Lehrreich ist auch die Entstehung des Museums „Barberini“. Kein Planungsorgan der Stadt, keine Partei, kein Verein ist auf die Museumsidee gekommen, sondern der Manager, der die Hotelnutzung nicht hinbekam. Das ist beunruhigend und verwunderlich, denn als Wohnhaus gebaut, ließ Friedrich Wilhelm IV. das Barberini von 1845 bis 1849 nach Plänen von Persius als Gesellschaftshaus für die künstlerische und wissenschaftliche Vereinigung der Potsdamer Bürgerschaft umbauen, mit großem Vortrags- und prächtigem Konzertsaal!

Das Leitbautenkonzept hat sich als Prinzip bewährt. Aber das Prinzip allein garantiert noch nicht eine hervorragende Umsetzung unter konkreten Randbedingungen. Die Neubauten an der Humboldtstraße beziehungsweise Alten Fahrt sind leider architektonisch mittelmäßige Bauten an einem hervorragenden Standort. Mittelmäßig wie etwa das Mercure. Hoffentlich werden die teuren Wohnungen hinter alter und neuer Fassade nicht nur gekauft oder gemietet, sondern auch bewohnt.

Nun zum aktuellen Bauabschnitt links und rechts der Schwertfegerstraße. Der aktuelle Plan sieht Wohnen, Essen, Trinken, Einkaufen in angenähert historischem Ambiente auf einer erzeugten Tabula rasa vor – nach einem Anfang der 1990er-Jahre erarbeiteten Konzept.
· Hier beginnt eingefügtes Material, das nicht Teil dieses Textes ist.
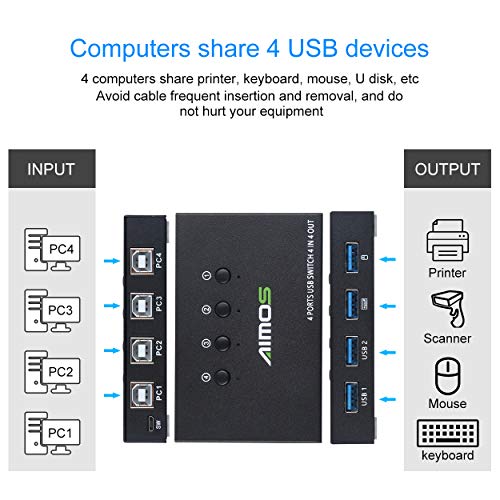 AIMOS USB 2.0 Switch für 4 Computers 4 In 4 Out Umschalter für Teilen Drucker, Scanner, Tastatur, USB Sticks, Festplatten, Maus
„Als Genossen einer fortschreitenden Zeit werden wir auf neue Standpunkte geführt“(Goethe). Mit Wohnen, Essen, Trinken, Einkaufen in angenähert historischem Ambiente allein können wir im 21. Jahrhundert nicht bestehen. Wissenschaft, Kultur, Raum für Kreative müssen hinzukommen. Diese Dringlichkeit ist neu und international überzeugend begründet. Einmalig ist die Möglichkeit sich am Ort mit DDR-Architektur auseinander setzen zu können. Neuerdings werden Wissenschaft und Kultur vom Oberbürgermeister mit in die Aufzählung der Funktionen aufgenommen, aber mit dem nicht ausgesprochenen Vorbehalt, wenn sich dafür ein privater Investor findet und der Bekräftigung, dass die Fachhochschule vollständig abgerissen wird. Folgerichtig sind wir Anhänger einer Erweiterung des bisherigen Konzepts (alle vorgesehenen Leitbauten werden realisiert). Teile der Fachhochschule werden erhalten und für die Nutzung durch Wissenschaft, Kultur und Kreative hergerichtet. In Auseinandersetzung mit der DDR-Architektur erfolgt eine kühne Modernisierung – siehe Bildungsforum. Eine begeisternde Aufgabe für Architekten und Stadtplaner.